Import NewsNo Comments
The Silver imports of the country have increased by nearly 60% in October 2017 when seen by a Y-O-Y (year on year) comparison and reached 4,200 tonnes. As per Thomson Reuters GFMS, by the end of the year, about 5,000 tonnes of the metal would be imported.
The demand has improved both from industry and the rural consumers. The industry seems to be restocking after the fall last year. The Thomas Reuters GFMS estimates the import demand will increase by a further 10% next year.
The silver imports fell from a high of 7,955 tonnes in 2015 to 2,794 tonnes in 2016. The industry is seeing a rise in cheque deals as the dealers are moving to banking channels after seeing demonetization happen. The wholesalers have moved to cheques and the unaccounted silver is mainly from customers that sell jewelry or silver bars to the jewelers asking cash in return.
The industry also feels that industrial and consumer demand is high but the investment demand is low as people are more into equity this year. There is also an expectation that the demand will be affected by price in 2018.
In its report, the Thomas Reuters GFMS institute in Washington has told that “The price has averaged $17.16/oz so far this year. For the year as a whole, the GFMS team at Thomson Reuters forecasts the price to average $17.13/oz, marginally lower than the 2016 annual average of $17.14/oz. The market is expected to switch to a small annual physical surplus of 32.2 million oz in 2017, after posting annual physical shortfalls for four years. Total silver supply is forecast to remain broadly flat in 2017, standing at 1,008.4 million oz.
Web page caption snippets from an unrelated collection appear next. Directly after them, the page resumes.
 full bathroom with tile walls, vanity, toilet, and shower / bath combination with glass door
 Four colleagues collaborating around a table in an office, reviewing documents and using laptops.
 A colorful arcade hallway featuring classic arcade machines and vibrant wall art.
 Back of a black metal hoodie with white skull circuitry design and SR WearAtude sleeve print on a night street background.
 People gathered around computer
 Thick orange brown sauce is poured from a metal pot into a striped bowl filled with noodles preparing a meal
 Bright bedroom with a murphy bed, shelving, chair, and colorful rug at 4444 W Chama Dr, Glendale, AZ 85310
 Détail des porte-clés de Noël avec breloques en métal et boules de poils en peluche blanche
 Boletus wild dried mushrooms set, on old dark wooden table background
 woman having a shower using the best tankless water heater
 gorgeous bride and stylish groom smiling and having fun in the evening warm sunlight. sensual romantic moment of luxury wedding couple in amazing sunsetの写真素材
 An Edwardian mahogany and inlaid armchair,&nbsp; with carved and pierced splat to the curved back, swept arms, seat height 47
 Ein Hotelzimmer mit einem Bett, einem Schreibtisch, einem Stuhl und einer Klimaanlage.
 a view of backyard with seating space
Total physical demand is forecast to drop by 5% in 2017, to a total of 976.1 mn oz, led by a sharp fall in retail investment, although an upturn in silverware demand and a modest recovery in jewelry and industrial fabrication should help to offset some of that.”
The silver demand for investment in the international market was at 205 tonnes in 2016 and is expected to fall to 130 tonnes.